(cross-posting to dev)
Hi Jake,
I'm on thin ice here, but just a few more words on the math details here
would help me sort this out. I've run the DistributedLanczosSolver on
the small testdata set in TestClusterDumper:
Path output = getTestTempDirPath("output");
Path tmp = getTestTempDirPath("tmp");
Configuration config = new Configuration();
Path eigenvectors = new Path(output, "eigenvectors");
config.set("mapred.output.dir", eigenvectors.toString());
DistributedLanczosSolver solver = new DistributedLanczosSolver();
solver.setConf(config);
Path testData = getTestTempDirPath("testdata");
solver.run(testData, tmp, sampleData.size(),
sampleData.get(0).get().size(), false, 8);
This produces 7 (not 8?) vectors in the eigenvectors file. If I then
build DistributedRowMatrices out of these I get matrices that are
ill-shaped to multiply directly. Clearly a literal translation of your
text is incorrect:
// now multiply the testdata matrix and the eigenvector matrix
DistributedRowMatrix svd = new DistributedRowMatrix(eigenvectors,
tmp, 8, 38);
DistributedRowMatrix data= new DistributedRowMatrix(testData, tmp,
15, 38);
DistributedRowMatrix sData = data.times(svd);
// now run the Canopy job to prime kMeans canopies
CanopyDriver.runJob(svd.getRowPath(), output, measure, 8, 4, false,
false);
Reading up on eigendecomposition, it looks like (DATA ~= SVD D SVD')

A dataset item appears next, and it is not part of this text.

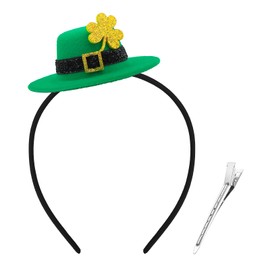 YanJie Mini St. Patrick’s Day Hat Headband with Clip Leprechaun Headbands for Women St Patricks Day Accessories Headband for Girls Gold Shamrock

would be more like it. But the solver only outputs the eigenvectors and
it ignores the eigenvalues. So, I cannot construct D. Can you point me
back towards the right path? It has been soo long since my grad school
advanced matrices course.
Isn't this related to spectral clustering?

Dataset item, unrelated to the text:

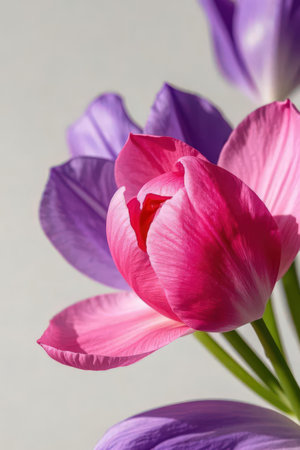 purple and pink tulips in vase on the white backgroundの素材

On 9/2/10 10:50 AM, Jake Mannix wrote:
Derek,
The step Jeff's referring to is that the SVD output is a set of vectors in
the "column space" of your original set of rows (your input matrix). If you
want to cluster your original data, projected onto this new SVD basis, you
need to matrix multiply your SVD matrix by your original data. Depending on
how big your data is (number of rows and columns and rank of the reduction),
you can do this in either one or two map-reduce passes.
If you need more detail, I can spell that out a little more directly. It
should actually be not just explained in words, but coded into the examples,
now that I think of it... need. more. hours. in. day....
-jake